Some online production evaluations were implemented, including model-graded evaluations, but these were built in-house as simple one-shot implementations rather than using specialized tools.
## The Feedback Loop Challenge
The speaker candidly admitted that the ideal feedback loop—incorporating live production data back into evaluation datasets—was never achieved due to privacy constraints. This is notable because it's often presented as a best practice in LLMOps discussions. Instead, the team gathered data from internal dogfooding, public social media posts about failures and successes, and whatever public examples they could find. This honest acknowledgment of limitations provides a realistic counterpoint to idealized LLMOps workflows.
## Configuration and Prompt Management
The team used Git as the source of truth for prompt versioning and Retool for configuration management, allowing non-technical team members to toggle settings. The speaker acknowledged better solutions likely exist but emphasized that simple, working solutions were preferred over elaborate tooling.
## Red Teaming and Safety Assessment
Red teaming was particularly important given Discord's user base. The team developed systematic approaches to pre-deployment risk assessment:
**Risk categorization**: The promptfoo tool includes risk assessment views breaking down potential harms by category—brand risk, legal risk, and various harmful content categories.
**Automated adversarial testing**: Basic harmful input testing verified that models refused obviously problematic requests.
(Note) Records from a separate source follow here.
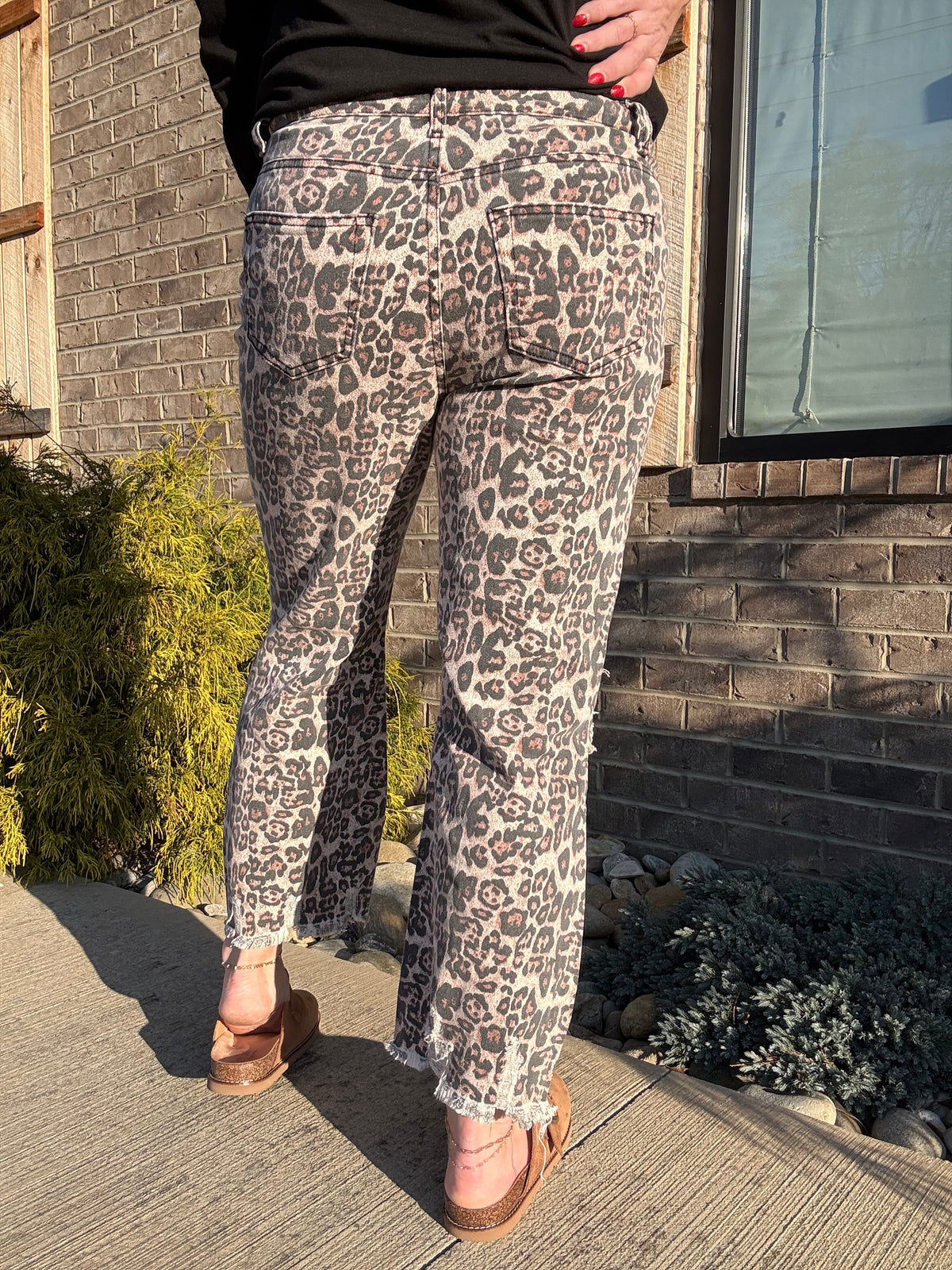 Hear Me Roar Animal Print Jeans by Sterling Kreek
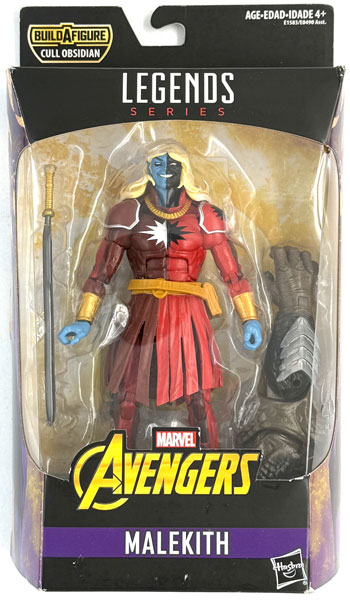 【中古】(本体B/箱B)『マーベル・コミック』 ハズブロ アクションフィギュア 6インチ「レジェンド」 アベンジャーズ シリーズ5.0 ＃05 マレキス[ハズブロ]《発売済・在庫品》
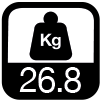 26.8 kg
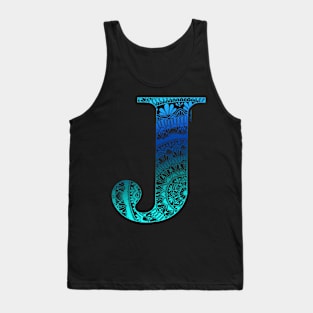 Mandala Letter Capital J Tank Top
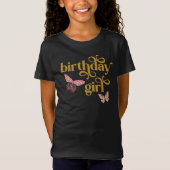 Butterfly Birthday Girl Shirt (Voorkant)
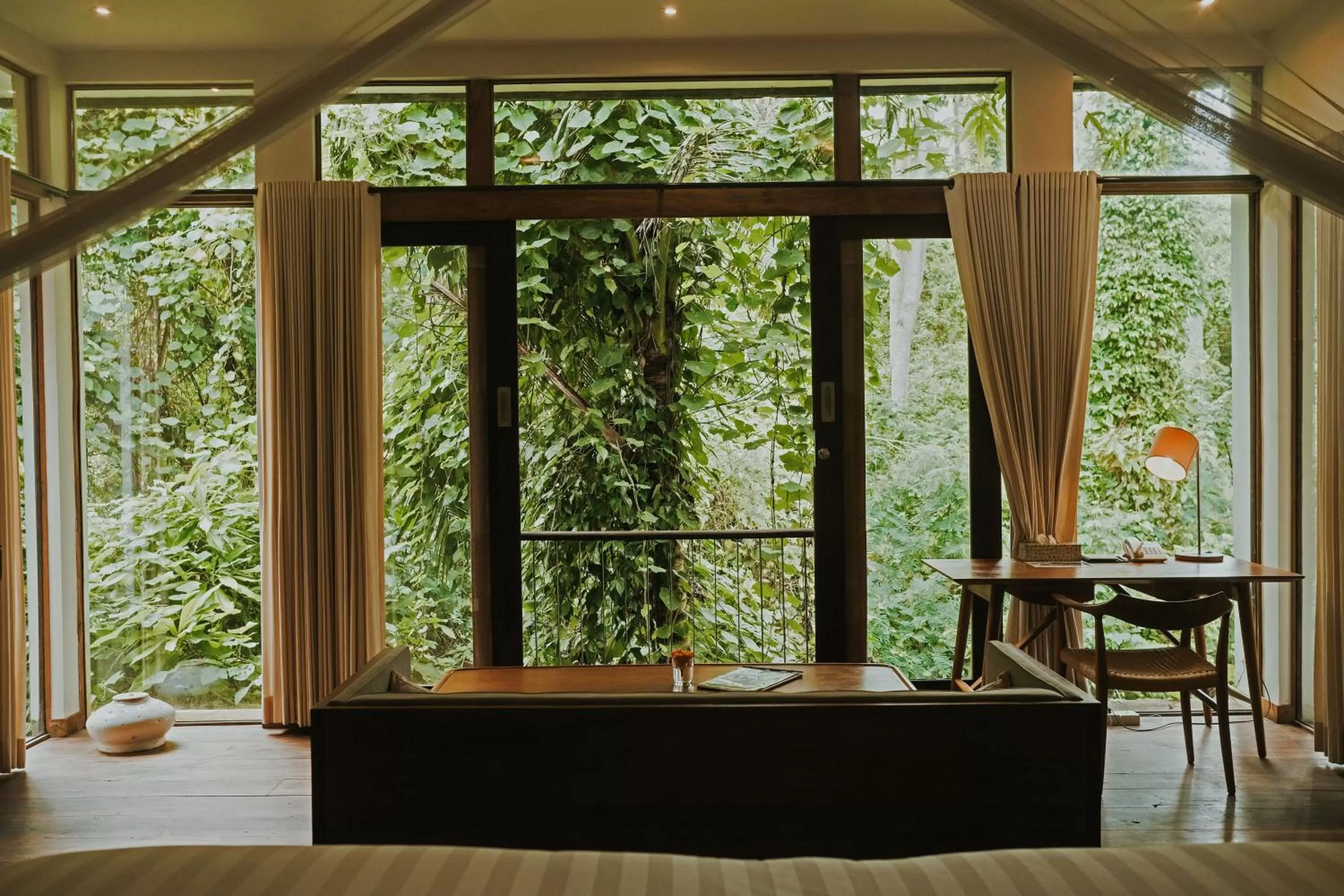 Garden view in Surya Kembar Villas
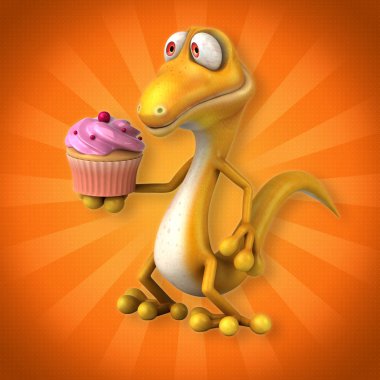  çizgi film karakteri ile cupcake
But more sophisticated testing was needed for application-specific jailbreaks introduced by custom prompts layered on base models.
**LLM-based red teaming**: The team implemented a feed-forward loop where an attacker LLM sends adversarial inputs while a judge LLM guides rewording, euphemisms, and synonyms to bypass safeguards. This approach was more effective at exposing cracks in safeguards than basic harmful input testing.
**Comprehensive failure mode coverage**: Beyond direct harmful content, the team tested for PII leaks, hallucinations, prompt hijacking (users asking the bot to do unrelated tasks like homework), and inappropriate political opinions.
The speaker emphasized that pre-deployment risk assessment was more important than live filtering, though both matter. This is notable given that more commercial solutions seem focused on the filtering side.
## Trade-offs and Practical Considerations
Several practical trade-offs were discussed:
**Cost vs. accuracy**: At scale, the cost of running more capable models became a significant concern, requiring careful consideration of when to use cheaper vs. more expensive models.
**Specificity vs. flexibility in prompts**: Over-specified prompts eventually showed negative returns, suggesting that giving models appropriate freedom produces better results than exhaustive instruction.
## Key Takeaways
The case study provides a refreshingly practical perspective on LLMOps at scale. The emphasis on simplicity, deterministic metrics, local execution, and treating evaluations as routine development hygiene rather than elaborate ML processes stands in contrast to much industry discussion of sophisticated evaluation frameworks. The candid acknowledgment of what didn't work—like closing the feedback loop with production data—adds credibility to the recommendations.
The safety and red teaming focus is particularly valuable given the consumer context and adversarial user behavior. The open-sourcing of promptfoo as a result of this work provides a concrete, usable artifact for teams facing similar challenges.